On a steamy July morning, I locked my apartment (that I share with two roommates), and swiped my $113 monthly metrocard (that I personally pay for) to then spend my 45-minute subway ride to my ten-hour work day reading Stein’s article about how my generation is full of narcissistic, lazy, egomaniacs that still depend on their parents for almost everything.

I was livid. I immediately jumped to defend myself thinking, “I moved out of my parent’s house on my 22nd birthday with the money I had saved from working three jobs!” The only thing I had in common with these generalizations was the year I was born.

But I continued reading and realized Stein had solid data. Below are a few of his conclusions, along with my difference of opinion…

Gen Y believes they’re entitled.

Forty percent of millennials believe they should receive a promotion every two years – regardless of performance. According to Stein’s research, this sense of entitlement is attributed to the plethora of participation awards we received throughout our childhood. My mother still shows people a poem I wrote about a rock in the 4th grade. Stein may call this coddling my ego. I call this having proud parents. They’ve always taught me the benefit of a strong work ethic. It’s not about entitlement, it’s about making the most of myself – and my hard work and dedication paid off when I received a raise and a promotion within my first year of working.

Millennials have warped priorities.

Stein’s article stated that three times as many middle school girls would rather grow up to be the personal assistant of someone famous than the CEO of a company.

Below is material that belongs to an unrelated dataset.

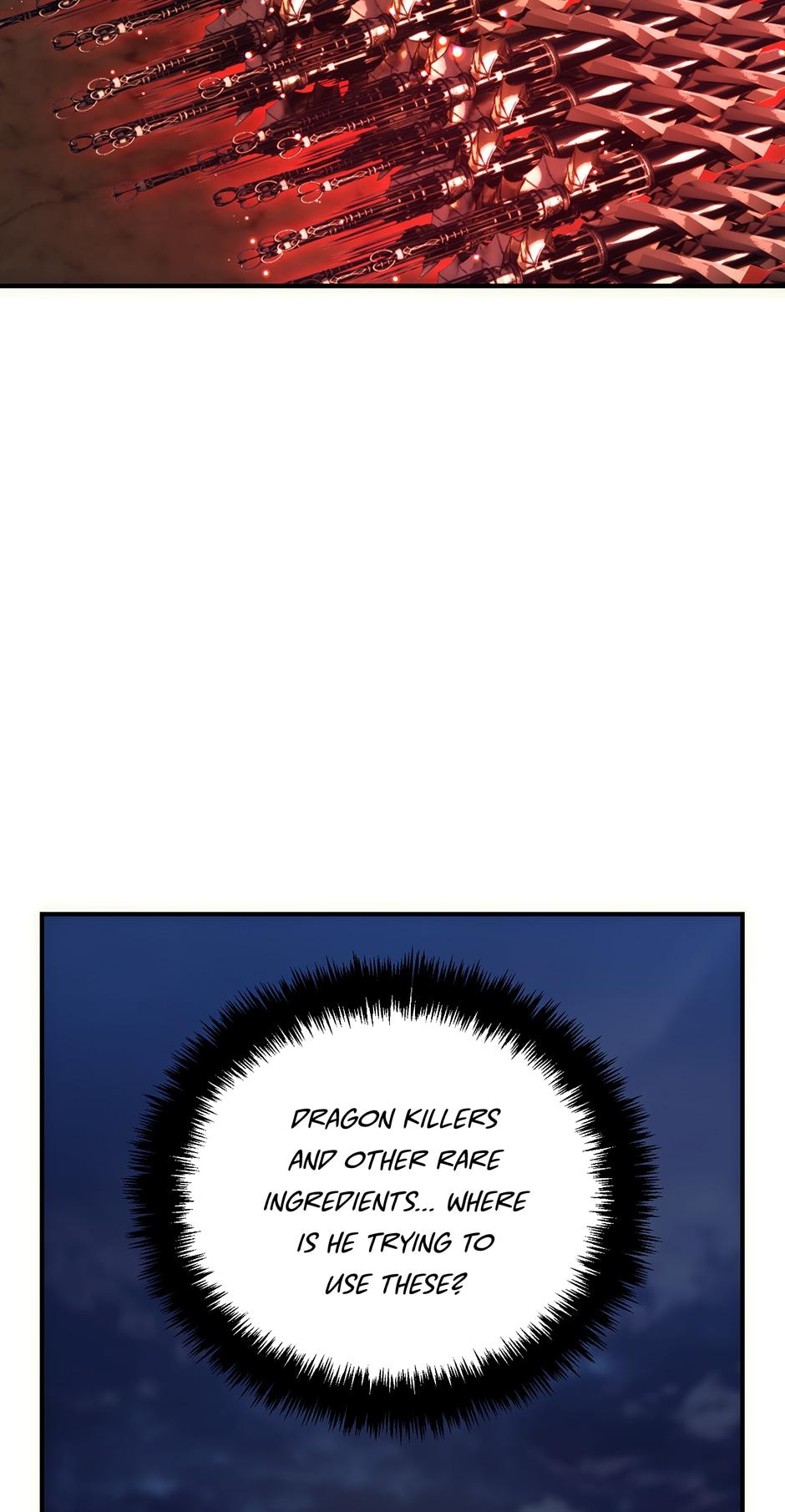 Read Second Life Ranker ENGLISH Manga Online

Yes, I did TiVo the finale of Keeping up with the Kardashians. But, I would much rather be on the board of E! Entertainment than be Kim’s assistant.

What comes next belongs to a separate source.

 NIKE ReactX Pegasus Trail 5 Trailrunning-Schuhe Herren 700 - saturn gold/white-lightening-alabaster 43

Gen Y lack interpersonal skills.

According to Stein’s research, millennials send and receive an average of 88 texts per day. Have you ever heard of “FOMO”? Gen Y has such a “fear of missing out” that they created an acronym for it. While I may text my friend from 10 feet away and have Facebook, Twitter and Instagram apps on every one of my devices, I know how to get information fast. I understand the role that Social Media and mobile are playing in the future of business, and I will be part of it.

Entitlement, distorted priorities, lacking interpersonal skills – even though Stein may have the data to substantiate these labels, I am one millennial they do not apply to. However, as I finished the article, even Stein turned most of his research on its head and admitted that millennials are a powerful group. In fact, the things that “categorize” us are also our biggest strengths.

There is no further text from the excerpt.